# Hillman imp bare block and liners ....



## tomc (Jul 24, 2007)

Rite have a quick question, ive stripped my spare imp lump down with the intention of rebuilding it, atm its coated in sludgey oil on the ouside and quite stubborn. Now im probs gonna get shouted at but is it possible to use wonder wheels to get the worst of it off, as ive used TFR before with good results but dont have any of that, but have lots of wheel cleaner .
anyway will add pic up later


----------



## Affection to Detail (Jul 6, 2006)

Well tbh you can try anything, most would go for an acid dip but its not cheap.


----------



## tomc (Jul 24, 2007)

Affection to Detail said:


> Well tbh you can try anything, most would go for an acid dip but its not cheap.


Ahh cheers ... just wanted to know if it could have damaged it in anyway ... 
cheers


----------



## NornIron (May 12, 2007)

TBH, the cheapest (and most environmentally UNfriendly) product is petrol  it'll clean all the crud off the block, but isn't kind to anything else!


----------



## impster (May 2, 2007)

gunk and a pressure washer mate.

Get it bored out to 998+ and put an R21 on it mate...


----------



## tomc (Jul 24, 2007)

impster said:


> gunk and a pressure washer mate.
> 
> Get it bored out to 998+ and put an R21 on it mate...


Lol and howd i bore one out to 998 ... thought id have to buy a 930 to do that ? not the 875.... and yup R21 will be going on it ....


----------



## ianFRST (Sep 19, 2006)

go to your local brown brother and get some engine degreaser. its what garages use in parts washers. awesome stuff.....

it does cost about £2 a litre tho, but as said, PETROL is the next best thing and a bit cheaper too


----------



## LanCat (Feb 9, 2007)

Use Paraffin in preference to petrol.


----------



## impster (May 2, 2007)

tomc said:


> Lol and howd i bore one out to 998 ... thought id have to buy a 930 to do that ? not the 875.... and yup R21 will be going on it ....


It can be done (whatever they say). You need a good block (preferably L4) that's straight and true, and a very good machinist with very accurate equipment. These days it can be done - years ago it couldn't be done reliably because of the standard of equipment used in the process.

But as you say going down the 930 route is best tho, as you can take them out to silly sizes.

I know of one chap who's gone to 998 using a standard 875 block and used skoda liners (think the same liners as were ironically used in estelle and/or rapide models?).
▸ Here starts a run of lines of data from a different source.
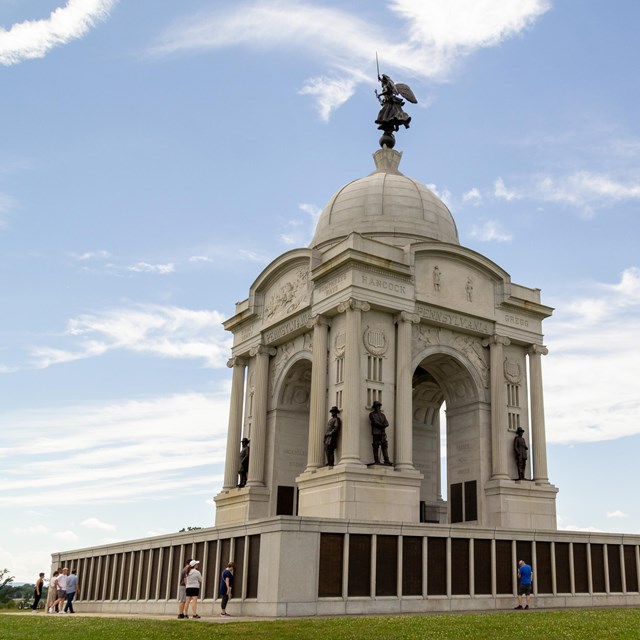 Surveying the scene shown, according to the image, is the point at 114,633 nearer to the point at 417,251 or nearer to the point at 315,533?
the point at 315,533

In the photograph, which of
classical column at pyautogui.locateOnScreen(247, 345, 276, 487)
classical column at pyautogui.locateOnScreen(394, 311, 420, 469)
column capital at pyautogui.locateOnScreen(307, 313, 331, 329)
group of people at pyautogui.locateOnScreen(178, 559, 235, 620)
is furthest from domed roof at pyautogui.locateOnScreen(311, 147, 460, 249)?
group of people at pyautogui.locateOnScreen(178, 559, 235, 620)

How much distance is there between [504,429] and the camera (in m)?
37.3

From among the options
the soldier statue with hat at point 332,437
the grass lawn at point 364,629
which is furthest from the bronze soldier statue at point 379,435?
the grass lawn at point 364,629

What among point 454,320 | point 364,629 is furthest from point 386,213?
point 364,629

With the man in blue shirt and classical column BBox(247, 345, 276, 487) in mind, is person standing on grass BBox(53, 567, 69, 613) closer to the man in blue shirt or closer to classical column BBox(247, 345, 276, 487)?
classical column BBox(247, 345, 276, 487)

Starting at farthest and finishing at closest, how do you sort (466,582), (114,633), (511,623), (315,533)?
(466,582) < (315,533) < (511,623) < (114,633)

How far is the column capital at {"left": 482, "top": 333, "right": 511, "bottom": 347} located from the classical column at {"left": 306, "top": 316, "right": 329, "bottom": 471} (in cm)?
833

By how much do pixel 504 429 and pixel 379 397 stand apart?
7.07m

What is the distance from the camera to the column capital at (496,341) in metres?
38.6

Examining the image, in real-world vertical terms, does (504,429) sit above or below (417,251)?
below

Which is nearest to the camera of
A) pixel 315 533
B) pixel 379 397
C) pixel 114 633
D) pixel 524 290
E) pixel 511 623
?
pixel 114 633

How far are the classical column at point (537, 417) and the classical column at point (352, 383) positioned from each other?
9983 millimetres

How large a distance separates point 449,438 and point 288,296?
1055cm

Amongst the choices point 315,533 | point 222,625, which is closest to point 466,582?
point 315,533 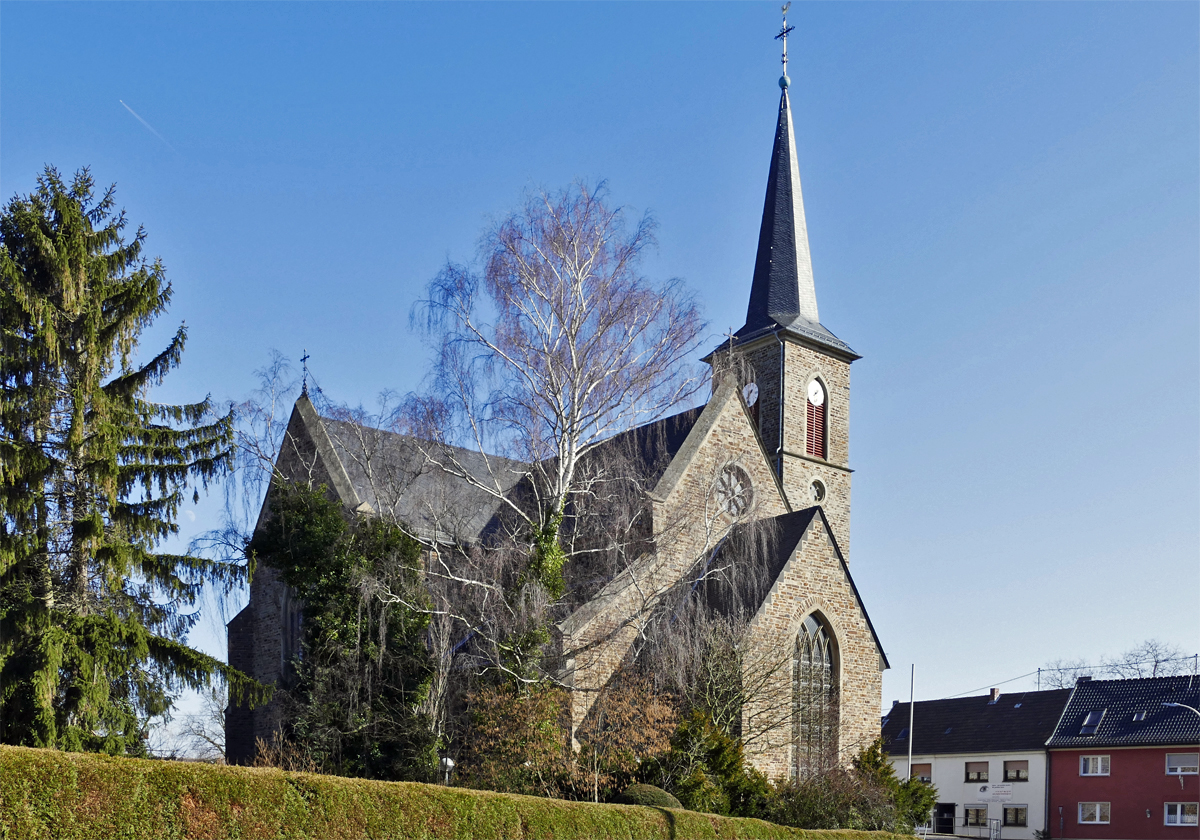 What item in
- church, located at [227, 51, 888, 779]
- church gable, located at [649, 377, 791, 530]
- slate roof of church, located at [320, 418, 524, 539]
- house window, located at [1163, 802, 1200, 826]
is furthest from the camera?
house window, located at [1163, 802, 1200, 826]

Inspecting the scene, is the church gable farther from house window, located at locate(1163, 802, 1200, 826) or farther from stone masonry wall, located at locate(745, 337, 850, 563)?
house window, located at locate(1163, 802, 1200, 826)

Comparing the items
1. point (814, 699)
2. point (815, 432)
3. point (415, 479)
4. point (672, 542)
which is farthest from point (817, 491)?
point (415, 479)

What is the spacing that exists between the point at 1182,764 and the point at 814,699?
78.7ft

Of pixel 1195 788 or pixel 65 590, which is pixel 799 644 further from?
pixel 1195 788

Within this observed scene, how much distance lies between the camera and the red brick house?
4256 cm

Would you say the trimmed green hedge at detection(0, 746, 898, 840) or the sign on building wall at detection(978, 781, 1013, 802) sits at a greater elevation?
the trimmed green hedge at detection(0, 746, 898, 840)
Put some pics up when you're done mate.


----------



## Clark @ PB (Mar 1, 2006)

an Imp? Ace! My cousin has one and does hillclimbs with it, such good fun to drive :thumb:


----------



## haxbyscoobs (Dec 1, 2006)

my dad has two hilman Imps

I as spares for the other

I'm going to be helping him restore it very soon its what he passed his driving test in and was given them both for free from a bloke in York

I'm going to see what the other is like after we have stripped it down to use parts for the other then i may take the other and do that up so we have one each


----------



## tomc (Jul 24, 2007)

well may as well post up a pic of my mums imp as the crank isnt coming out in a while anyway .... so heres my mums imp.


----------



## dubnut71 (Jul 25, 2006)

will the lump fit in the dishwasher????

Just dont tell the missus:doublesho


----------



## Glossmax (May 9, 2007)

Always fancied a Imp, especialy one of the fast back models.
Photos please


----------



## [email protected] (Jan 9, 2006)

had a californian once back in the late 80s, head was warped and couldnt be bothered to get it skimmed, she went to the scrappies unfortuantely


----------